Welcome to Miami, city where you can live your entire life in Spanish. You can watch Spanish soaps on TV, hear Spanish talk shows on the radio, find Spanish-speaking grocery clerks and bank tellers, write to your Cuban-born mayor or Cuban-born county manager. You can even buy the Miami Herald, the city’s largest newspaper, in Spanish.

It’s the home of Osvaldo Soto, Cuban-born lawyer and chairman of the Spanish-American League Against Discrimination (SALAD). He opposes Kirby’s amendment, saying it will send the wrong message to Hispanics and open the door to laws restricting the use of Spanish. Bilingual education, for one, will be threatened, he says.

“They say friction between the English and the Spanish is going to bring problems to this country,” he says. “To be honest with you, I don’t know of any place where the use of language has brought problems.

“In Ireland, they only speak English, and they’ve been killing each other for years. In Switzerland, where there is always peace, they speak three languages.”

Miami is also home to Terry English Robbins, a Yiddish-speaking veteran of Dade County’s language wars who took on the middle name so people would know just where she stands. She hopes Kirby’s amendment will keep street signs in English – named for Americans with American names. She also wants city parks to display statues of American, rather than Hispanic, patriots.

“Jose Marti might be a big hero to Hispanics, but he doesn’t mean anything to me. Yet we have Jose Marti statues, Jose Marti parks. We’re Jose Marti-ed to death.”

And Robbins echoes the biggest complaint heard from the English campaign’s followers: “I’m tired of going into Burdine’s at Dadeland (Mall) and not being waited on because I don’t speak Spanish.”

Seven years ago, such laments were as pervasive as the new Cuban immigrants. A majority of Dade’s people, angry at store clerks they couldn’t understand and frustrated by the rapid ascendancy of Hispanics, made one desperate attempt to regain control.

They voted, by a 3-to-2 margin, to ban county government from conducting its business in any foreign language.

What that meant, nobody knew exactly. For the next three years, county officials tried to interpret Dade’s anti-bilingual law. It was decided, for instance, that bus schedules would be printed only in English. Emergency operators could speak Spanish.
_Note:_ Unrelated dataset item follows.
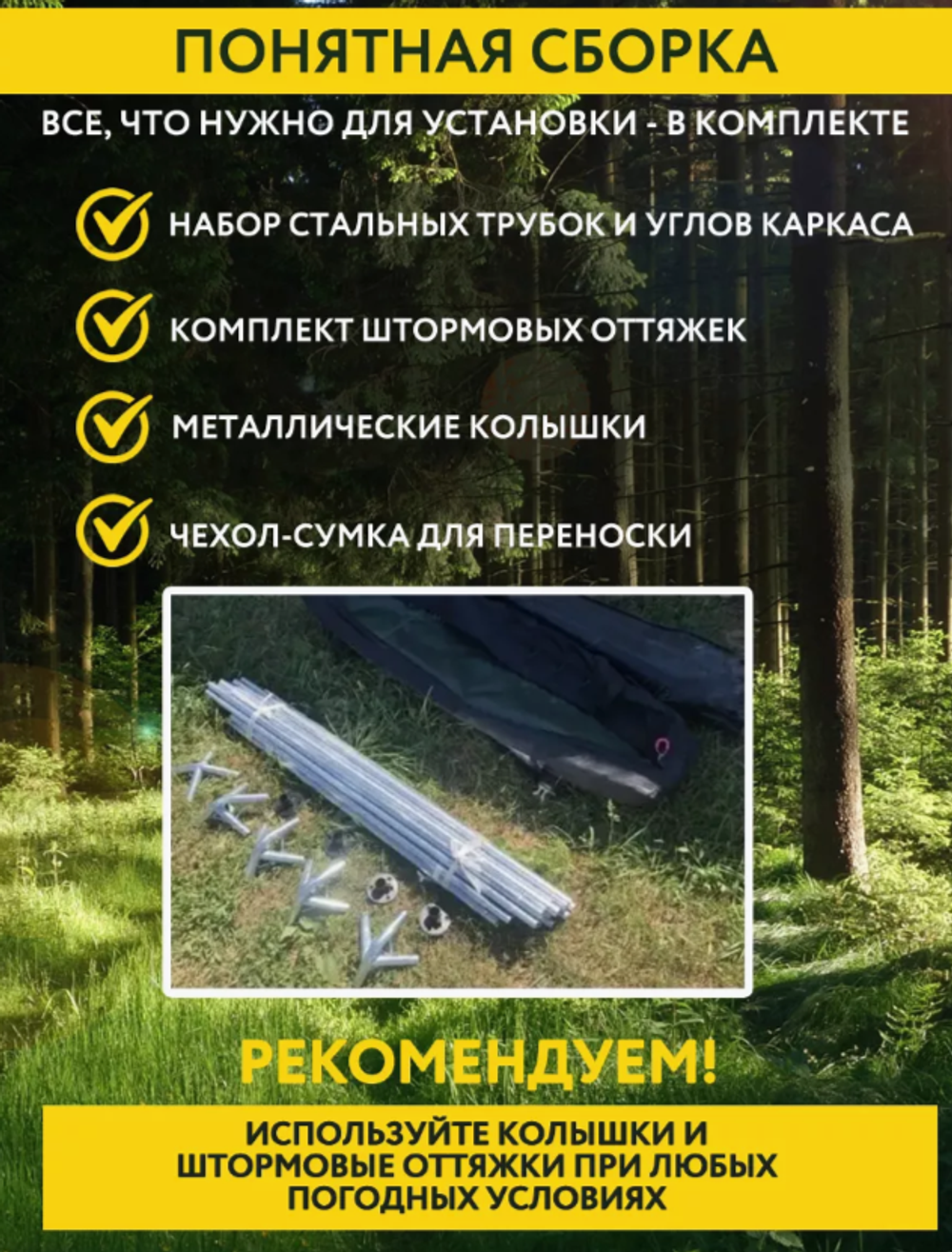 Шатер палатка туристический lanyu LY-1628D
Libraries could function bilingually.

The results satisfied no one – neither the Hispanics, who charged discrimination, nor the English advocates, who complained the law was vague.
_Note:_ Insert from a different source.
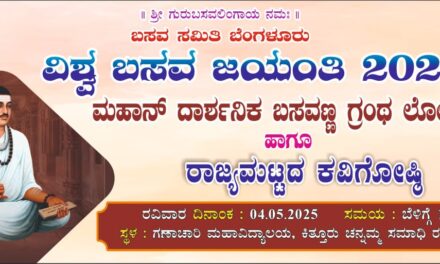 ಬೈಲಹೊಂಗಲದಲ್ಲಿ ಮೇ ೪ ರಂದು ಗ್ರಂಥ ಲೋಕಾರ್ಪಣೆ ಹಾಗೂ ರಾಜ್ಯಮಟ್ಟದ ಕವಿಗೋಷ್ಠಿ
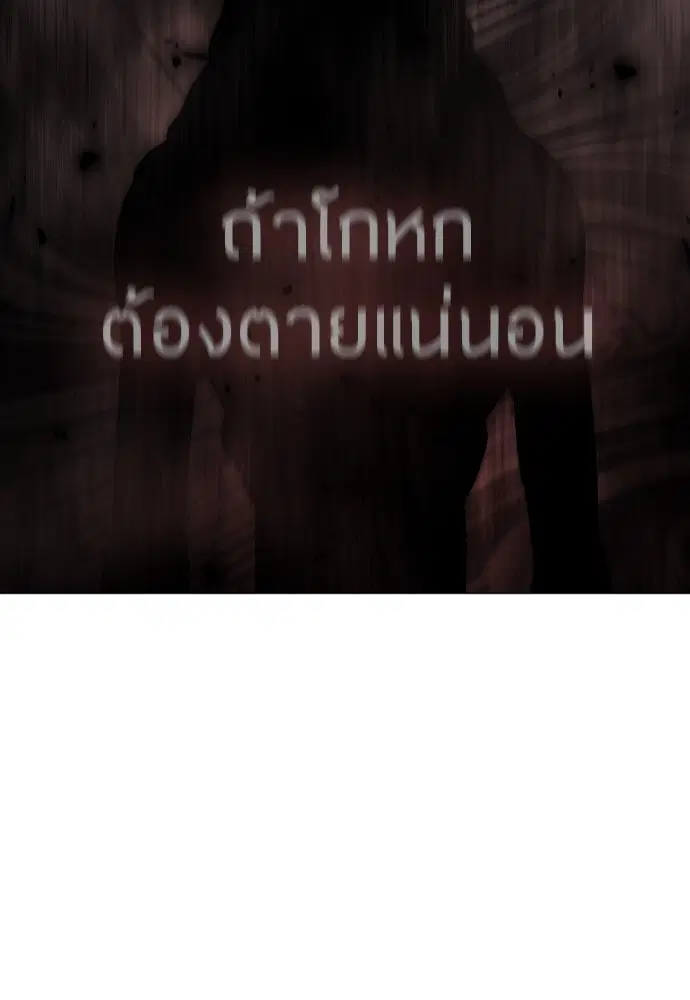 หน้า 71 จาก 183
In 1984, county commissioners agreed to relax the anti-bilingual law, allowing for such things as tourism promotions and hurricane pamphlets in Spanish. Yet the firestorm about language continues to rage.

Jorge Valdes, the only Hispanic on the county commission and the one who brokered the 1984 compromise, says it’s time to get rid of the anti-bilingual law because “it’s hurt us. It’s hurt us enough.”

But Enos Schera, secretary of the group that sired the law, says it’s time to get tough on Hispanics, force them to assimilate.

“They fly Cuban flags like this was a Cuban city,” he says. “It kind of makes your blood boil.”

After his unsuccessful meeting with Mayor Suarez, Kirby, the Florida English Campaign’s ambassador of goodwill, returned to Miami last month to resume the hardsell with a soft touch. He went to a sympathetic audience this time – an English-language radio talk show where people were invited to call in.

But, as always, the bitterness took over. One woman caller raged that Hispanics “do not want to communicate to you in English, and I think it’s outrageous. Absolutely outrageous.”

She proceeded to become nearly hysterical until the talk-show host, aghast at her vehemence, cut her off.

The next caller was a young man who said he delivers food for a living. “As far as I see, you’re just an unaware bigot,” he told Kirby. “What you’re trying to do is legislate nationalism.”